Et là, une interface assez intrigante se dévoile à nous. Il s’agit d’une sorte de palais mental recensant les événements plus ou moins marquants vécus par Eugene. Sous forme de bulles, on y retrouve les interactions avec la gérante, les réponses effectuées durant l’entretien avec le psychologue, mais aussi des souvenirs plus profonds, comme des traumas, des sensations ou des visions. En examinant ces bulles, il est alors possible de dresser des liens formant une autre case. À ce moment-là, on aura besoin d’investir des sortes de points spéciaux pour révéler ce qui se cache derrière cet amalgame de souvenirs.
Mais la journée n’est pas finie. Eugene se réveille à cause du bruit d’une voiture et un nouvel élément de gameplay intervient : les statuts. Notre homme se réveille « Assoiffé ». Cela a pour effet d’enlever un point du côté Calculateur.

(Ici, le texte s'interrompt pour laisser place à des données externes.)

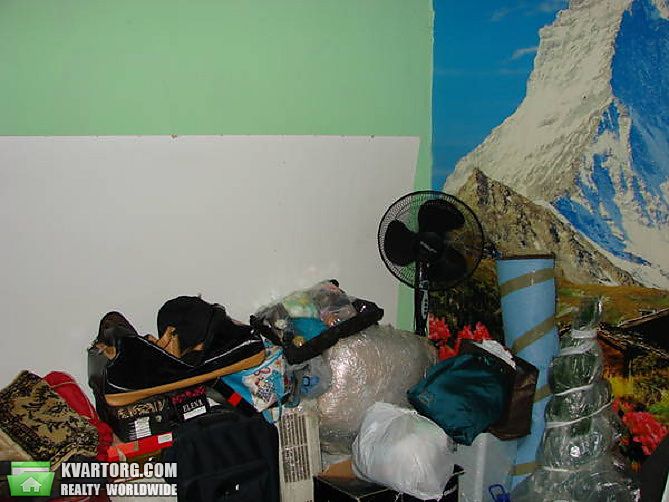 Sell 3-room apartment. Киев,  Цветаевой — photo 9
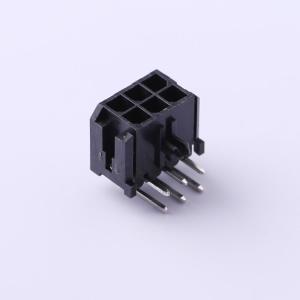 WF30006-08302商品缩略图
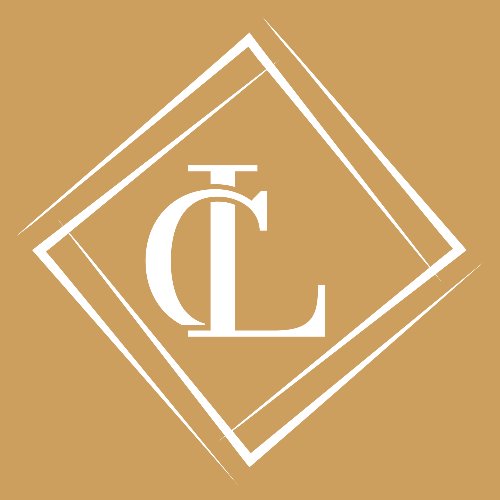 AGENCE CHRISTOPHE LAGARDE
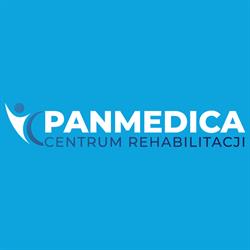 Centrum Rehabilitacji Panmedica, Ełk godziny otwarcia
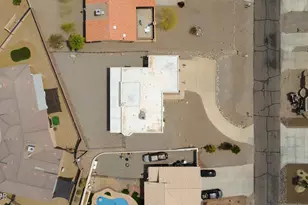 905 Paso Dr, Lake Havasu City, AZ 86406 - Photo 30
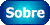Sobre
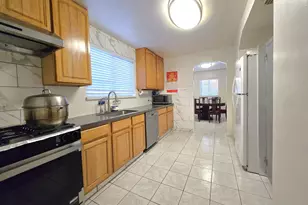 2917 Telegraph Ave, Berkeley, CA 94705 - Photo 9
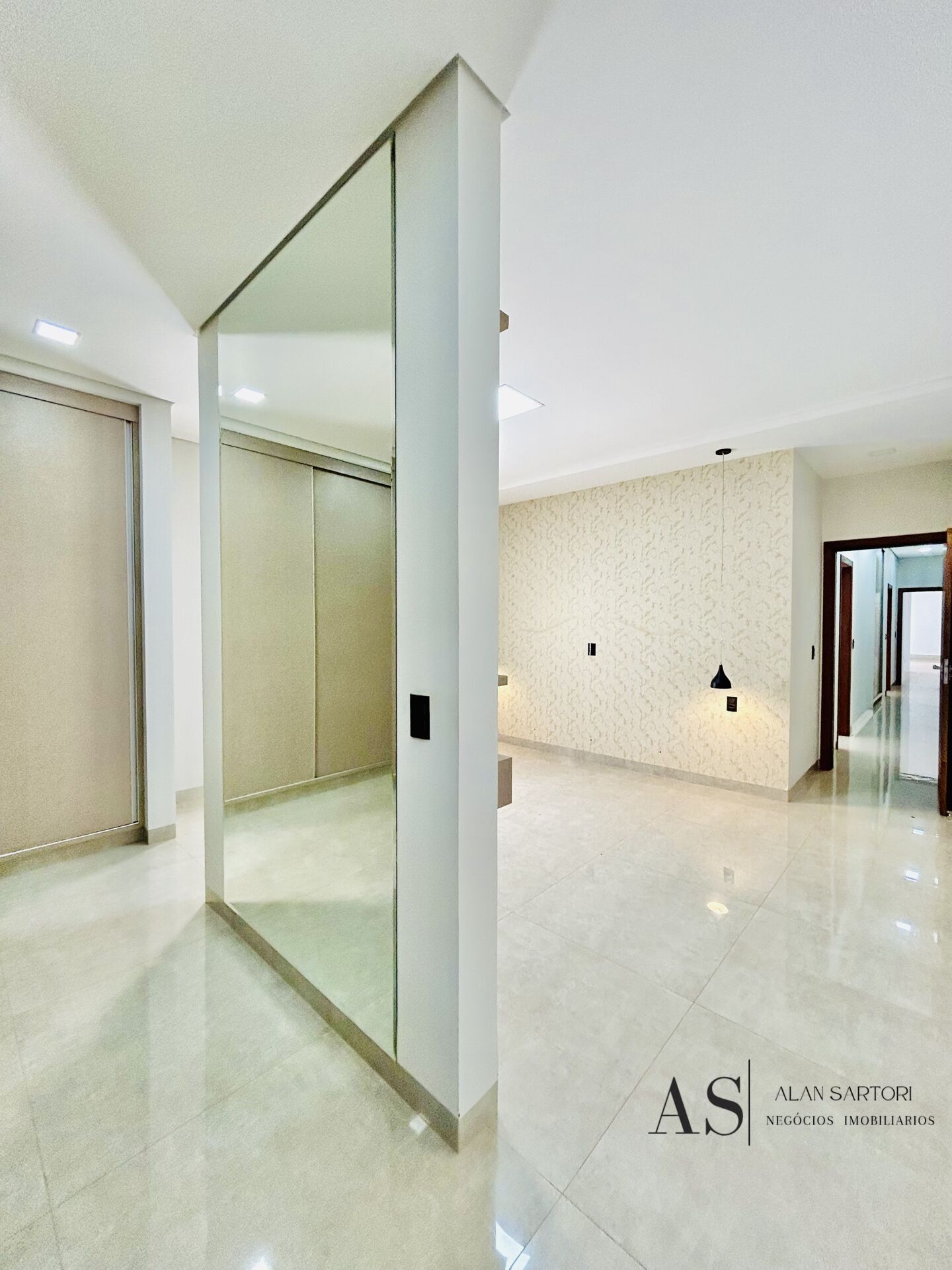 Casa de Condomínio com 4 quartos à venda, 410m² — foto 32 de 35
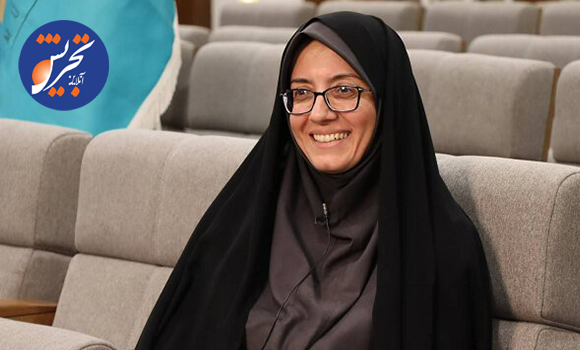 سرپرست دانشگاه علوم پزشکی هوشمند منصوب شد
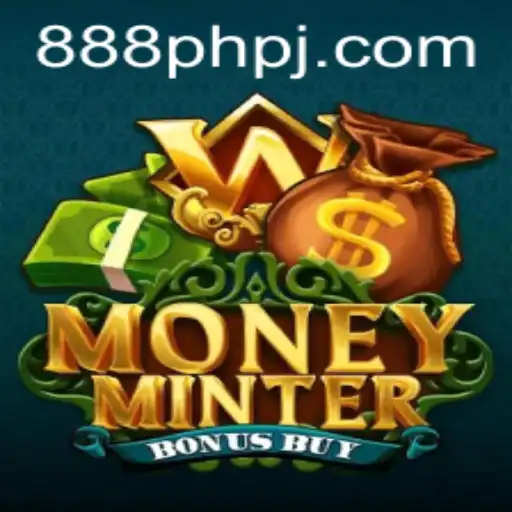 Exploring the Thrills of MoneyMinterBonusBuy: A New Era in Gaming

On comprend alors que ces statuts auront un rôle clé dans tout le jeu puisque les différents choix auparavant inaccessibles le deviendront en subissant certains statuts. Assez intéressant de s’imaginer par exemple devoir en amont provoquer un état émotionnel peu souhaitable pour aller découvrir de nouveaux éléments d’histoire lors d’une discussion.
Sauf qu’avant de passer plus de temps dehors, le ciel tout entier s’embrase et diffuse une lumière aveuglante. Et à peine le temps de réaliser ce qu’ils se passe, c’est le blackout. Puis, le réveil sonne, il est de nouveau 20h, et on se réveille auprès du psychologue au beau milieu du rendez-vous vécu un peu plus tôt. Nous voilà désormais dans une boucle temporelle, longue de 47 minutes (in game) et au bout de laquelle l’apocalypse nous ramène inlassablement à cette séance de thérapie.

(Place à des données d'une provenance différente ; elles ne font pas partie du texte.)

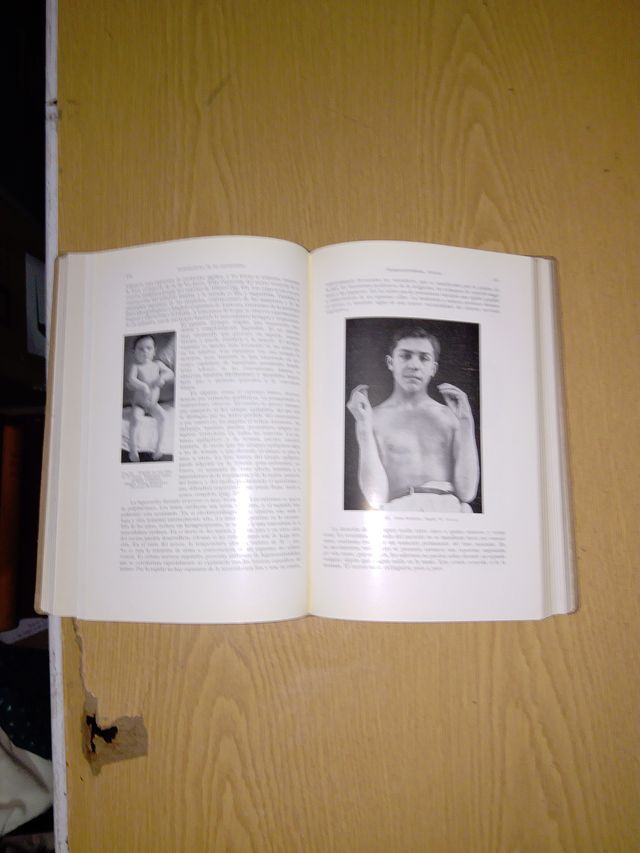 Endocrinoligia Clínica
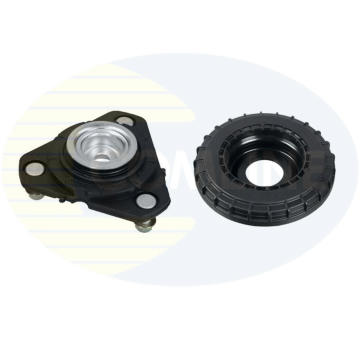 Lożisko prużnej vzpery COMLINE CTSM9207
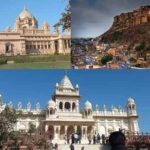 Best 8 Places to Visit in Jodhpur for a Memorable Vacation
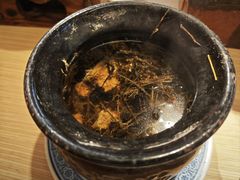 -吴氏老妈·23年家常菜(古城店)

Une question nous est alors venue. Est-ce que l’on ne se trouverait pas devant un titre au croisement entre Disco Elysium et Outer Wilds ? Le premier pour la caméra en isométrique, la profondeur narrative et son côté RPG, et le deuxième pour sa boucle temporelle et la disposition du palais mental. Branislav Trajković et Marko Smiljanic ont tout de suite acquiescé et ce dernier a ajouté : « Oui, c’est sûr qu’il y a des similitudes, même si l’idée du jeu, et pas tout à fait sous cette forme que l’on voit là d’ailleurs, existait avant. Mais il est clair que leur sortie ont influencé un peu la suite. »
Le cœur du jeu se trouve donc là : explorer toutes les possibilités narratives qu’offre le monde de Rue Valley, en vivant les choses différemment grâce à d’autres choix ou à l’utilisation des statuts. Tout ça dans le but de débloquer de nouveaux éléments dans le palais mental et ainsi faire avancer l’intrigue. On l’expérimente déjà via ce « nouveau » rendez-vous avec le psychologue, Eugene étant désormais frappé du statut Appréhension Anxieuse, boostant clairement son côté Calculateur et Sensible. Nouveaux choix, nouvelles possibilités, et donc potentiellement de nouveaux fragments de mémoire à connecter ou approfondir dans le palais mental, afin de mener petit à petit Eugene sur la bonne voie.
Seul un grand danger menace la potentielle réussite de Rue Valley : la gestion de la boucle temporelle au cours de la vingtaine d’heures de jeu promise. Si l’on parvient à jouer en explorant un maximum de situations plus ou moins naturellement, et sans ressentir une forme de lassitude ni être bloqué trop longtemps, le titre d’Emotion Spark s’annonce fort intéressant. D’une humanité profondément sujette à l’empathie grâce à ses thématiques et son message global, le titre affiche en plus un coup de crayon très agréable pour les yeux. On a hâte d’en voir plus sur ce titre à paraître uniquement sur PC pour l’instant, et dont la date de sortie reste inconnue.